_Data shown_.
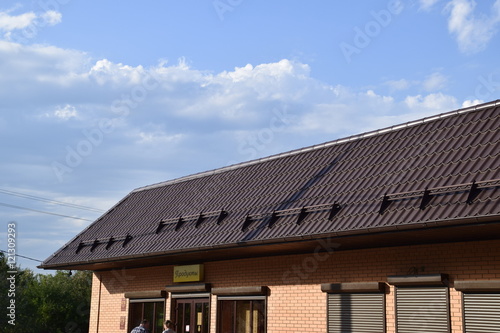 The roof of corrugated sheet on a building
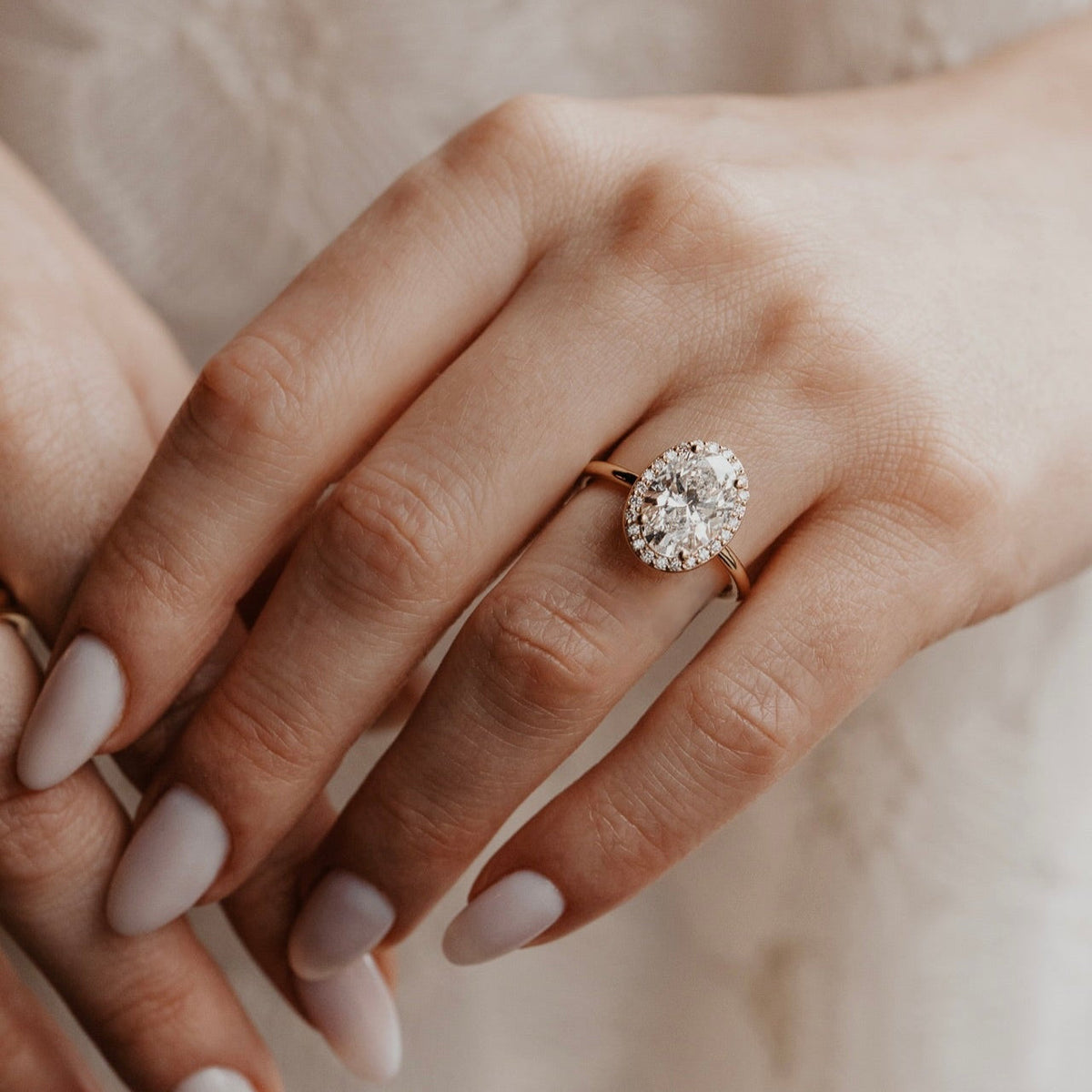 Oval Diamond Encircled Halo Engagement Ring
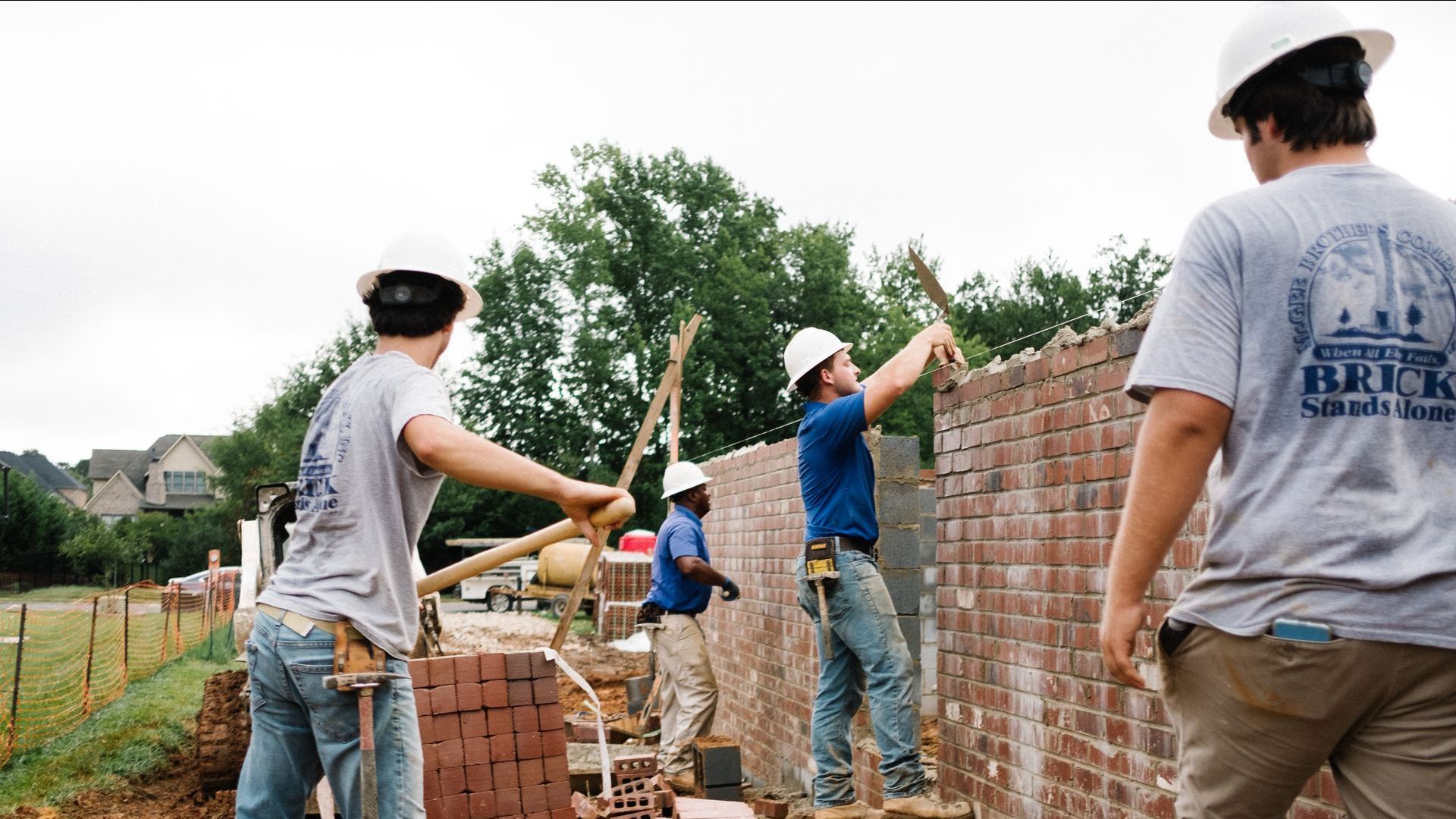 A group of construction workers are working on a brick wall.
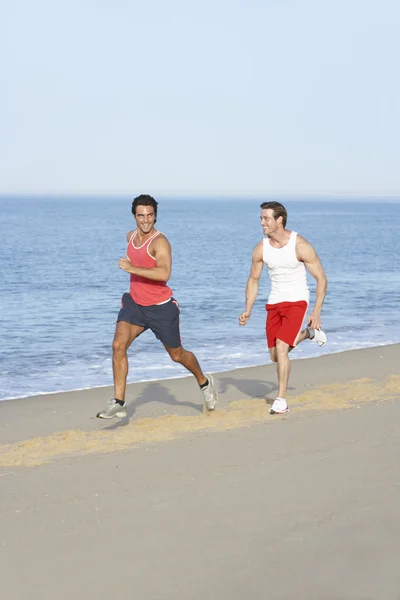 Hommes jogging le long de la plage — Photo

_Description of the task_. Copy the whole of the material above exactly, and exclude every picture.

_Output for this exercise_.
 The roof of corrugated sheet on a building
 Oval Diamond Encircled Halo Engagement Ring
 A group of construction workers are working on a brick wall.
 Hommes jogging le long de la plage — Photo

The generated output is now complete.